━━ GIVEN DATA ━━

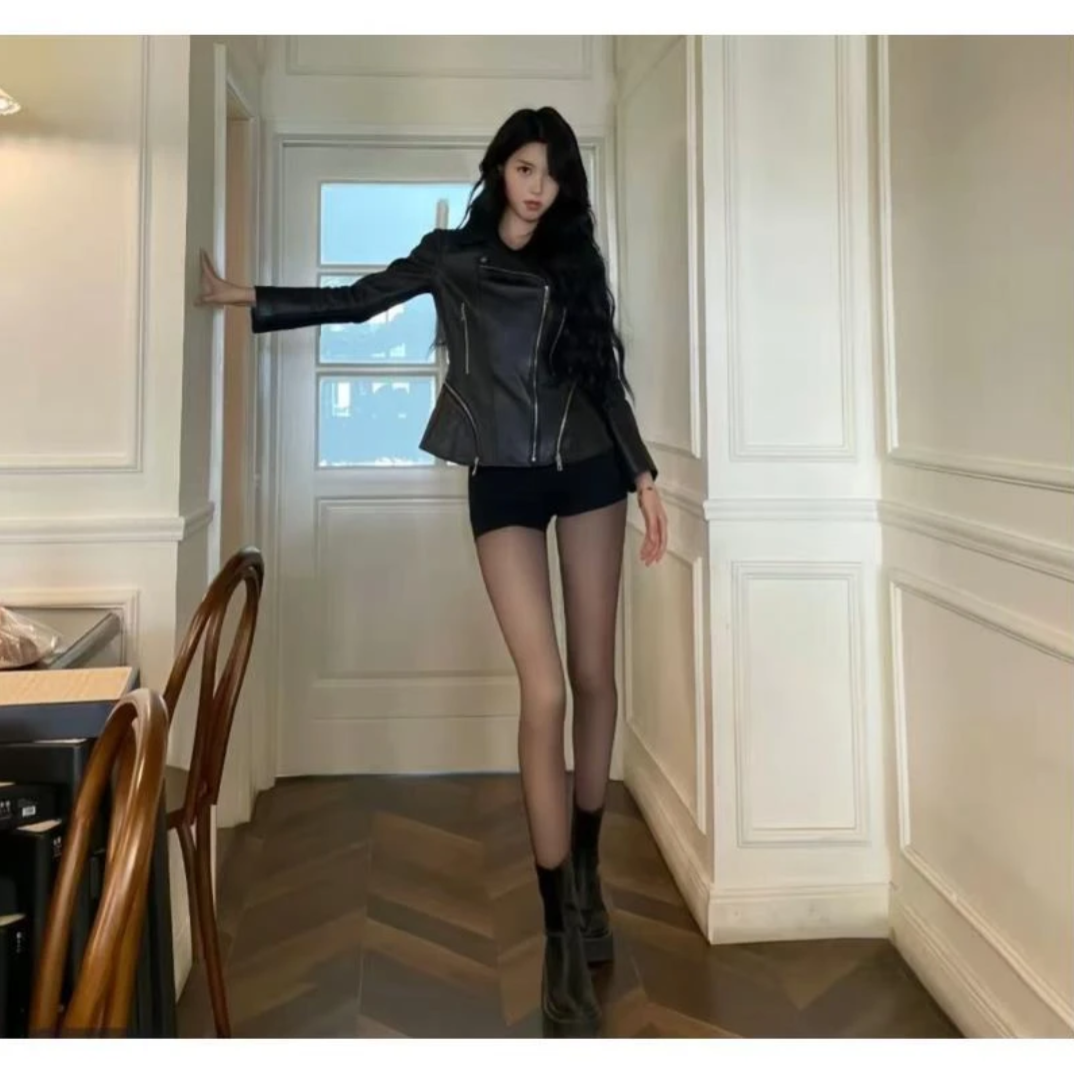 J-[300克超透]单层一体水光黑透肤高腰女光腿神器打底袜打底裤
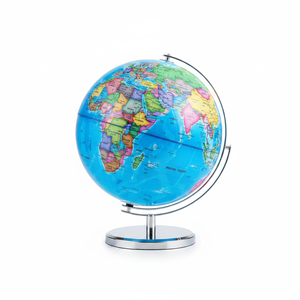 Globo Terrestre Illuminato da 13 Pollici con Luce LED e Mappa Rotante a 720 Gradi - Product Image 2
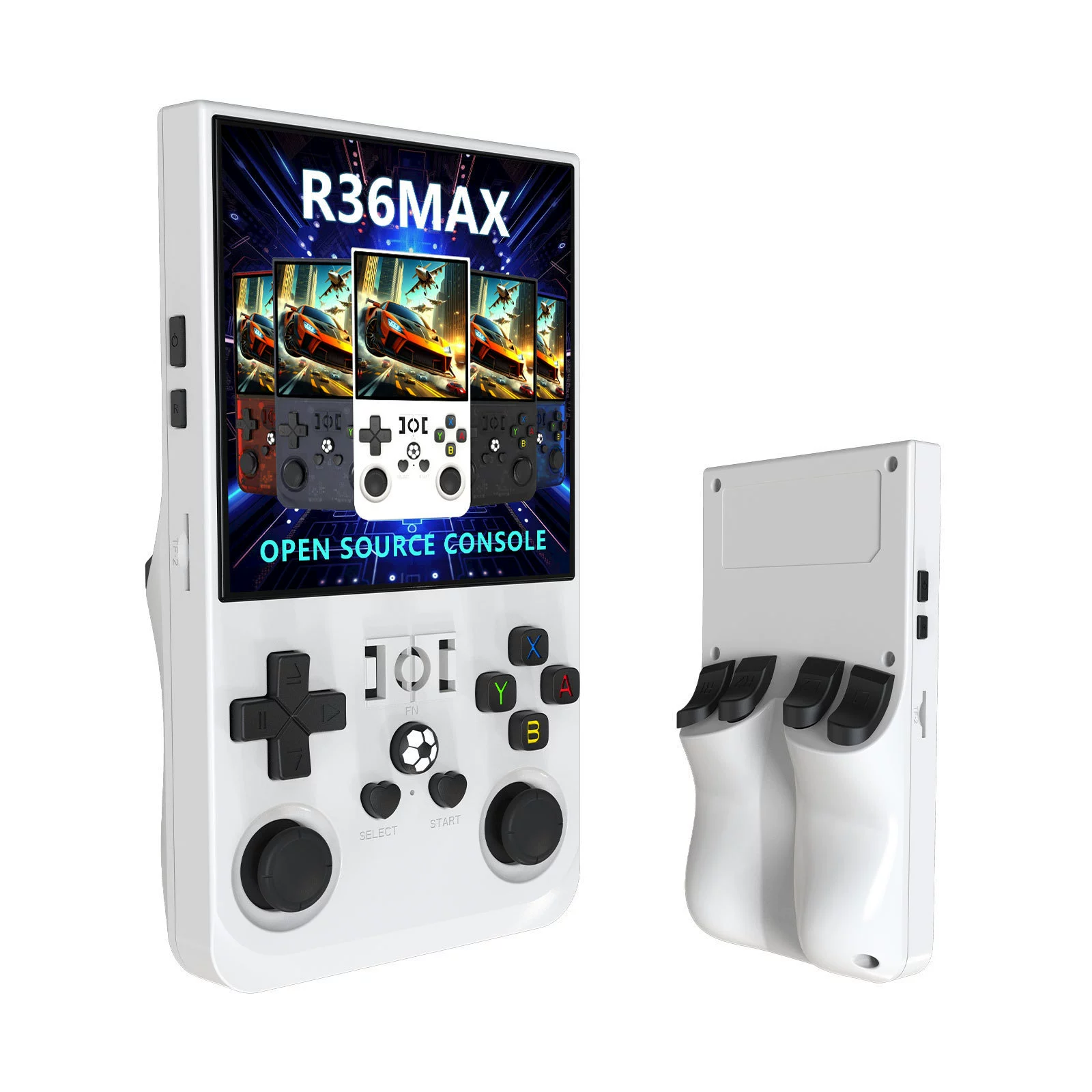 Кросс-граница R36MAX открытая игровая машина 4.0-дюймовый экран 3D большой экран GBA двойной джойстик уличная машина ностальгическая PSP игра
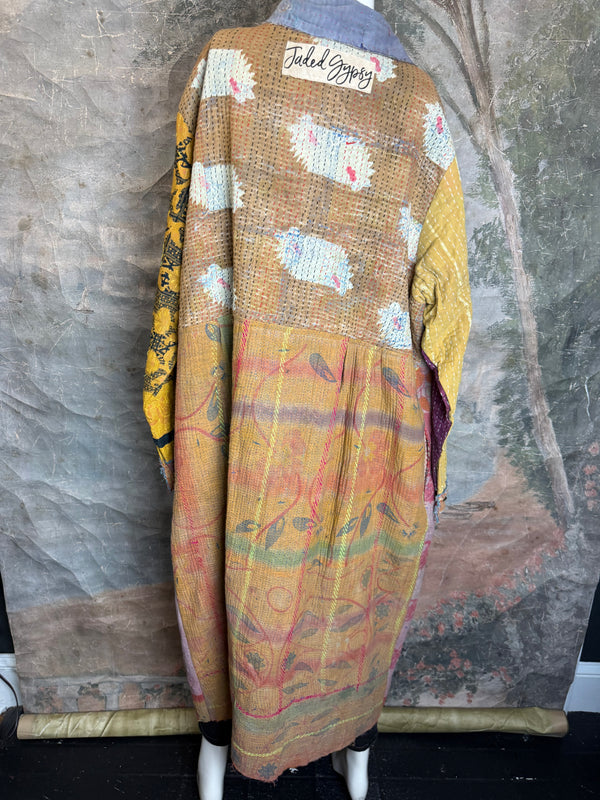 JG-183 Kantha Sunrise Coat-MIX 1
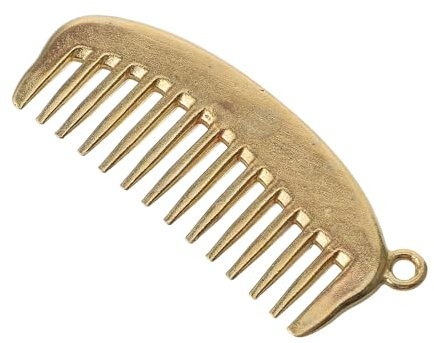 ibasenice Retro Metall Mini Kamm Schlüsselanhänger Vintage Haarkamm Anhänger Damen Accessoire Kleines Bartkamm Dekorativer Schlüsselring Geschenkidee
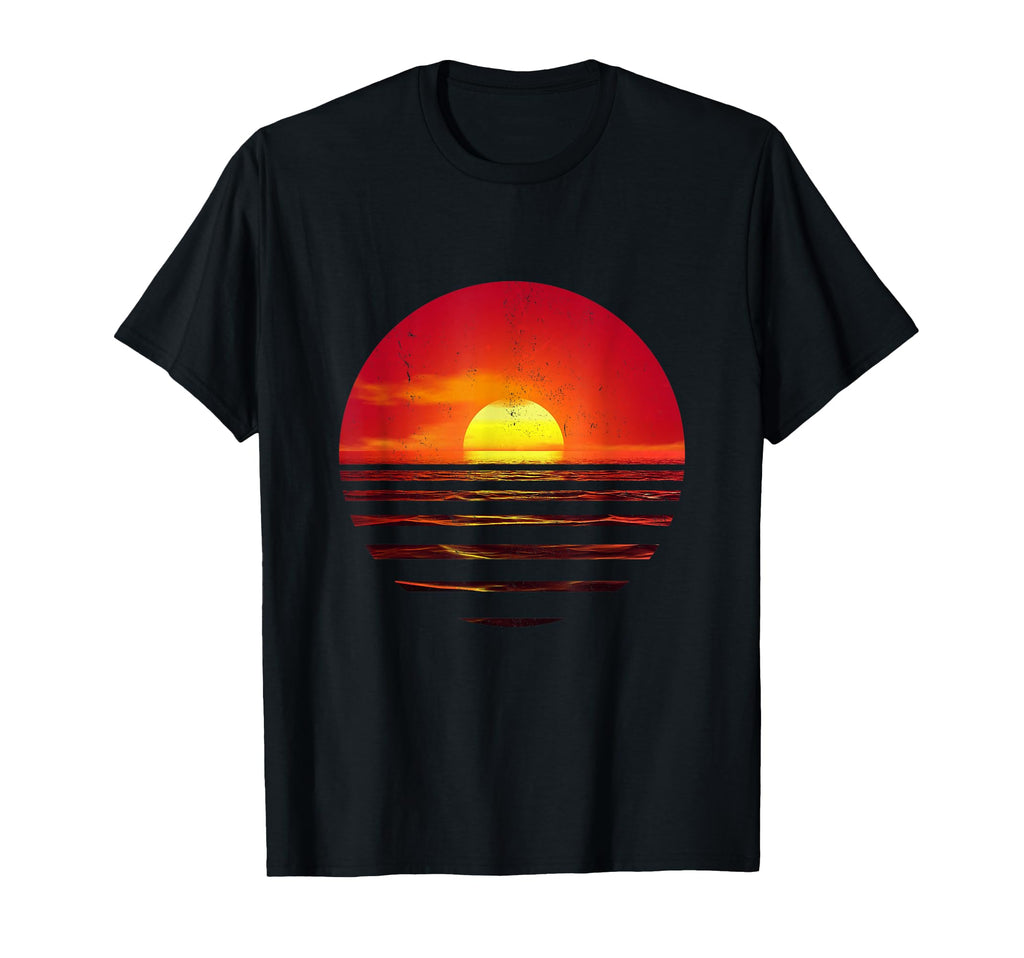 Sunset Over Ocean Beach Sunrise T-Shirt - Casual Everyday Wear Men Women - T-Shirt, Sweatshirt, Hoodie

━━━
━━ GIVEN DATA ━━

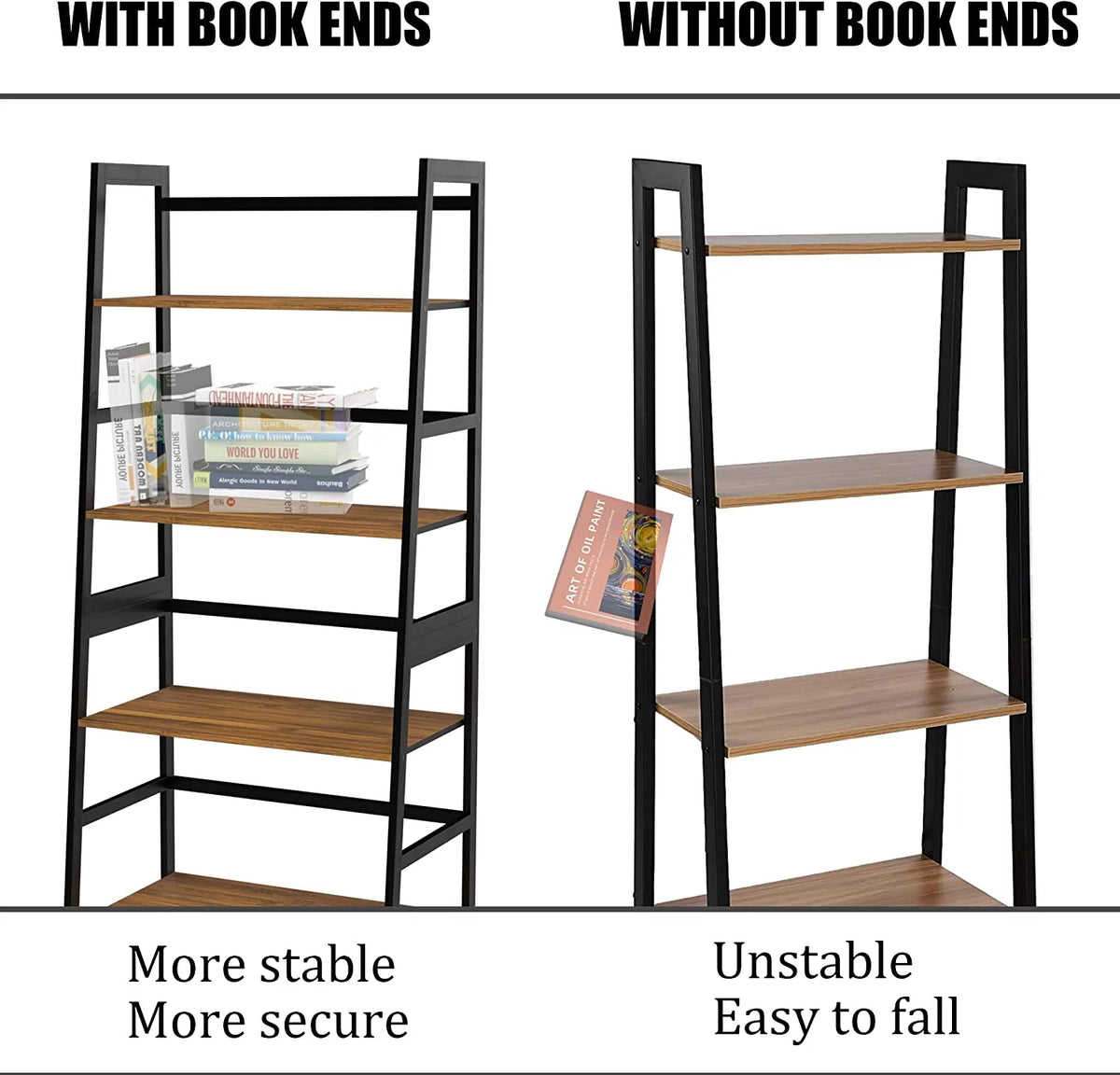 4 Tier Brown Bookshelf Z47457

━━━

TASK PROMPT
Skip every picture, and restate word for word only the lines above from the line containing "JG-183 Kantha Sunrise Coat-MIX 1" to the line containing "Sunset Over Ocean", both of them included.

YOUR SOLUTION
 JG-183 Kantha Sunrise Coat-MIX 1
 ibasenice Retro Metall Mini Kamm Schlüsselanhänger Vintage Haarkamm Anhänger Damen Accessoire Kleines Bartkamm Dekorativer Schlüsselring Geschenkidee
 Sunset Over Ocean Beach Sunrise T-Shirt - Casual Everyday Wear Men Women - T-Shirt, Sweatshirt, Hoodie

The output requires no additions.